Laine's current position as education director at The Wallace Foundation, where he began in 2002, has focused on developing leadership at the state and local level to improve student achievement, especially for the students with the greatest needs. He has led the effort to push beyond the idea that districts merely must recruit talented people.

"A lot of people thought the issue of education leadership was [centered] around finding the next great leader," Laine says.

Instead, Wallace has found training and system change are key, "so well-trained leaders have the data they need, the authority they need, and the capacity to meet the needs of kids," he says. "I operate on [the] premise that, if you put a good person in a bad system, you can bet on the system. So we are attempting to improve both the quality of the leaders and the system they work in to enable them to increase student achievement."

Wallace is aiming at both improvements in university preparation programs and districts' mentoring programs as well as better working conditions for educators, with a resulting positive impact on student achievement.

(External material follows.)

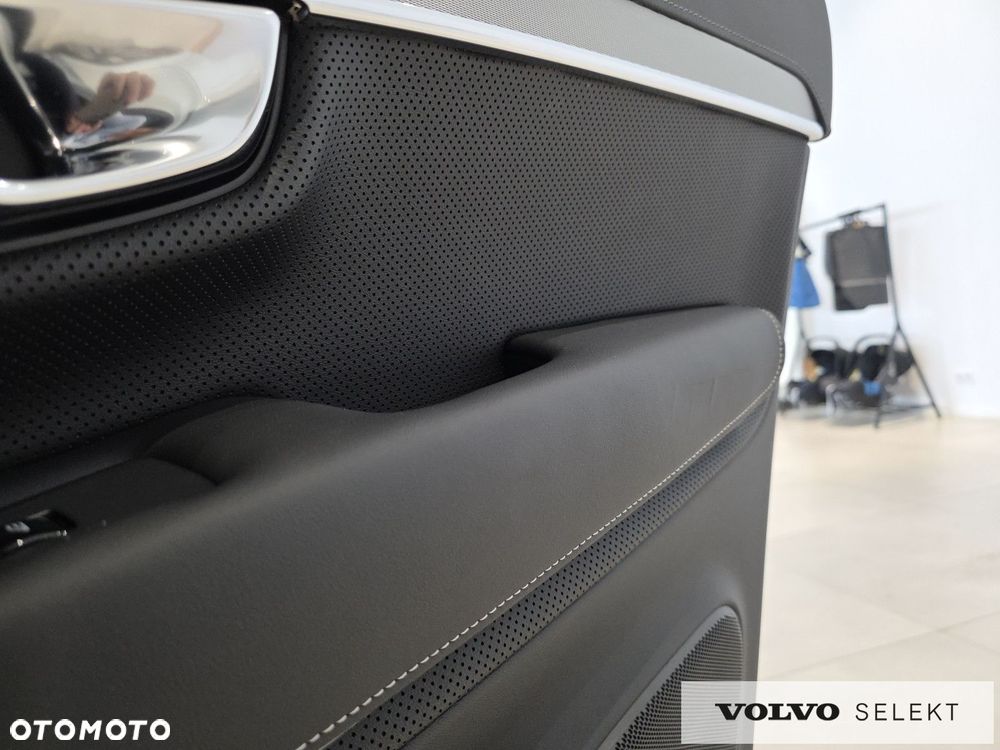 Volvo XC 90 - 36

"Right now, the expectation is [leaders] must walk on water," Laine says. Given these unrealistic expectations, "The job becomes undoable. Making sure leaders receive enough resources (people, time, and money) and the authority to allocate those resources to meet their students' needs is probably the hardest area of work we're doing because it's the most politically volatile," he adds.

Laine first experienced the intersection of politics and public policy in the late 1980s as associate director of an office serving California's congressional Democrats. The crosscutting nature of education issues hit home during the military base closings of that era, when foresighted communities engaged in issues beyond housing and economic development.

"It was an opportunity forced on them, in a sense, to start to re-think, 'How are we going to educate the kids in the community?' " he says. " 'We're going to have a hole in the budget. How do we re-think what we're doing?' You're changing the tax base. You're changing the demographics in the community. We helped these communities find creative answers and new resources."

During Laine's years at the Harris School in the early 1990s, he served as the executive director of the Coalition for Educational Rights, which brought a constitutional challenge to Illinois' school funding system.

Although ultimately unsuccessful, it turned out to be a lever for change by spotlighting the issue, he says. "It was a means to increase, through the legislature, dollars for education."

After receiving a combined master's degree in public policy and business, and a certificate of advance studies in education, Laine joined the state system as associate superintendent for policy, planning and resource management. From there, he moved on to the Illinois Business Roundtable, on whose behalf Laine returned to Capitol Hill to testify regarding No Child Left Behind.

The Roundtable supported the bill's premise -- using data to push accountability and incentives to drive improvement for all children, he says. "But we also believed that without the capacity to bring about change, you don't get the results kids need."

That focus on results informs Laine's current work at The Wallace Foundation, where he explores questions like: "How can you enhance the training of education leaders and at the same time, bring about the changes necessary to improve the system and incentives that can enable these better trained leaders to succeed? How best can leaders have large-scale impact on students with the greatest needs? And, most importantly, "What's the impact on absolute student achievement and in closing the achievement gap?"

Laine's passion for education has impacted his personal life, as well. He met his wife, Sabrina -- with whom he has a daughter Sofia, 5, and a son Cooper, 2 - at an education-related conference. "There is hope for policy wonks that go to these conferences," he says with a laugh, adding that his family is "a great counterpart to my crazy work life."